山奥のホテルに設置されたスキーやスノボーを体験できるシュミレーターが、室内にいながら本格的すぎるトレーニングができてすごいと話題になっています。
ido monta(@IdoMonta)さんが投稿したのは既製品の「Ski & Snowboard Simulator」を使って開発されたサービス。2019年2月に長野県の志賀高原「癒しの宿 幸の湯」に設置された設備で、体の動きに合わせてレールが自動で動く仕組みです。製品の導入だけでも、北海道のブーツ開発研究用、横浜のトレーニング用に続く日本全体で3台目とかなり希少。さらにホテルやスキー場、高地に設置される例は他にないとのこと。導入施設や台数の少なさから、かなり本格的な設備であることが伺えます。
Twitterの映像では、スキートレーニングの様子を紹介。プレイヤーの体が左右に大きく動き、足にかかる重さに合わせて足元のレールも激しく動いているのが分かります。正面のスクリーンには雪山を滑降するバーチャル映像が投影されていて、ターニングポールが迫ってくる勢いはまるでスキーの視界そのものです。

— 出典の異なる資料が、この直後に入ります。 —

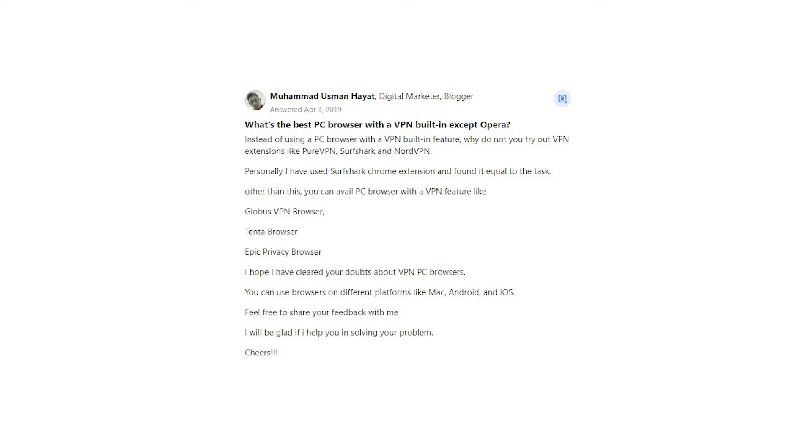Globus VPN Browser, Tenta Browser, Epic Privacy Browser. I hope I have cleared your doubts about VPN PC browsers.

ido montaさんに導入の経緯について聞きました。
── シミュレーターを設置したのはいつごろのことですか?
宿は53年目ですが、3年前の代替わりの際に新しい顧客層を呼び込もうと戦略を練りました。スキーを本気で頑張るアルペンレーサーのための環境が日本になく、日本のアルペン強化に寄与したいと考えたのです。志賀高原は1650メートルの高地でワールドカップと同じ標高でトレーニングができる、スキーでオリンピックに出た選手やコーチのノウハウが集積されコーチングができる、直ぐ側に日本最高クラスのスキー場があるなど、私たちが提供するしかない条件がそろっていました。

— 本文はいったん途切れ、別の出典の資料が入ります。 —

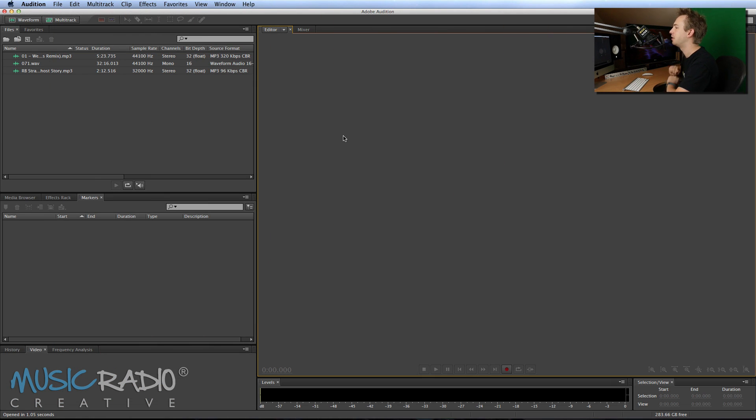Hello, I'm Mike from MusicRadioCreative.com. I wanted to show you how to quickly check the quality of your audio files in Adobe Audition.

設置することで外来利用者だけでなく、宿泊者が増えるのではないかという事業計画でした。
── 他にも導入に至った理由はありましたか?
私個人の話ですが、代替わりした3代目が私にとって義弟で一緒に住んでいます。私の子どもがアルペンスキーのオリンピック選手を目指したいということで、親として環境を提供したい思いもありました。
── 導入にあたってどんな苦労がありましたか。
当時のホテルの売上では借りられないような借金を銀行に提案して渋られましたが、何個かビジネスコンテストに出て受賞したことで銀行担当者の目の色も変わり、2019年2月に稼働開始しました。
── 導入後の反応はいかがでしたか。
一般スキーヤー、ガチレーサーともに利用してくださっています。普及、強化のどちらにも体験として広がっていただき、志賀高原の四季の魅力と共にお伝えできたらと思います。
── 最近の営業状況について聞かせてください。
コロナ禍で大変苦しい状況ではありましたが、シミュレーターのおかげで前年比で激減することなく推移しており、2020年11月からは前年を超える売上を出せています。
スキーやスノボー初心者が練習に使うこともできますが、オリンピックのスキー・スノーボード競技で活躍する選手など、施設の評判はプロの間でも広がっているようです。シミュレーターについては専門的な知識も含めつつnoteでより詳細に解説されています。
ido montaさんはTwitterで、「夏場はどれぐらい暑いの?→最大でも25度くらいなので涼しいと思う」、「練習してみたいけど滑ったことない→滑ったことがない方でも滑れるようになります」などの質問や感想に1つずつていねいに回答しているので、読んでいるだけでたいていの疑問は解決しそうです。